### EXERCISE PROMPT
Retype each record exactly; no pictures.

(Crawled caption data)
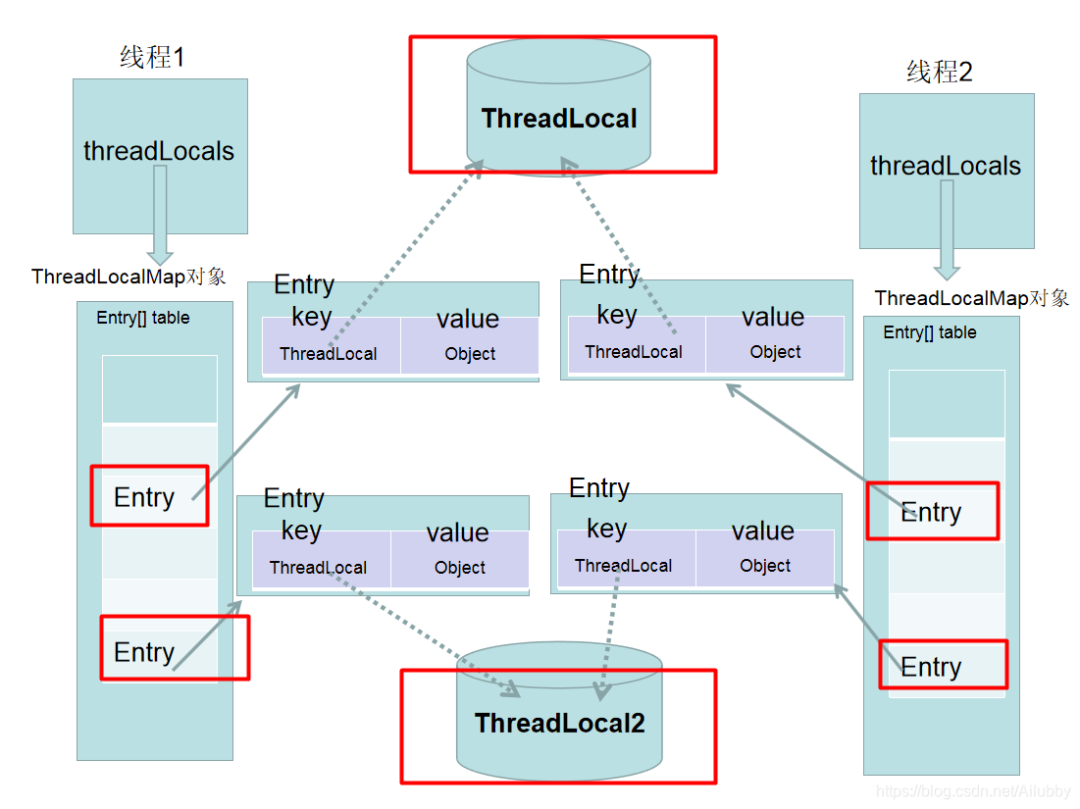 一文搞懂ThreadLocal原理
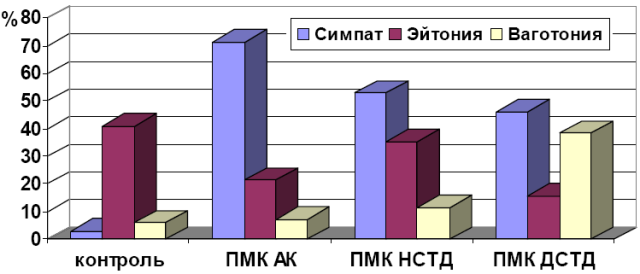 Рис. 1. Распределение типов ИВТ у пациентов в контроле и при различных вариантах ПМК.
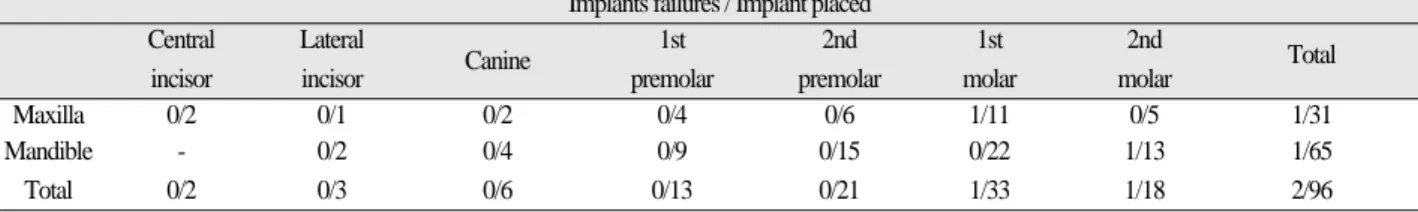 Table V. Number of failed implant and implants placed according to location Implants failures / Implant placed Central Lateral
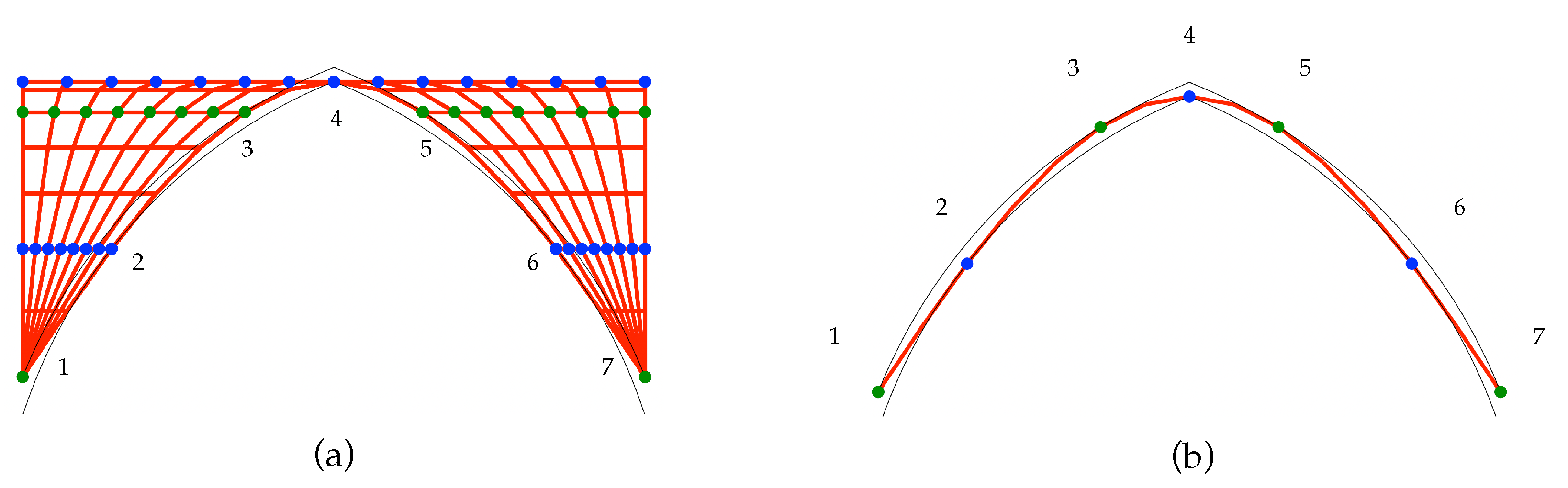 Applsci 11 03560 g007 550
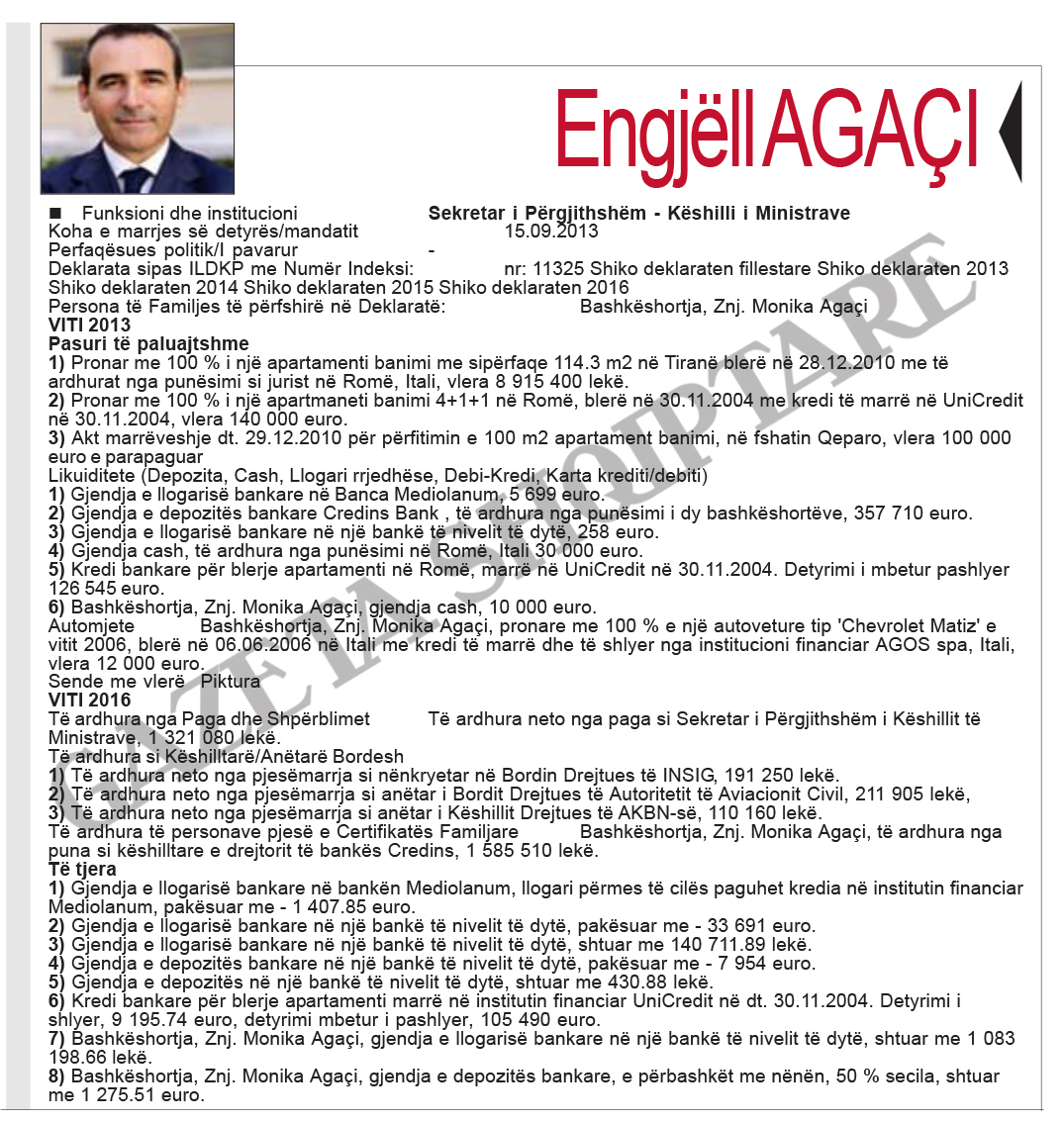 FOTO GALERI/ Zyrtarët e lartë nëpër ministri, milionerë dhe deri në nëntëpunësime – Ja pronat dhe llogaritë bankare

### RESULT OF THIS EXERCISE
 一文搞懂ThreadLocal原理
 Рис. 1. Распределение типов ИВТ у пациентов в контроле и при различных вариантах ПМК.
 Table V. Number of failed implant and implants placed according to location Implants failures / Implant placed Central Lateral
 Applsci 11 03560 g007 550
 FOTO GALERI/ Zyrtarët e lartë nëpër ministri, milionerë dhe deri në nëntëpunësime – Ja pronat dhe llogaritë bankare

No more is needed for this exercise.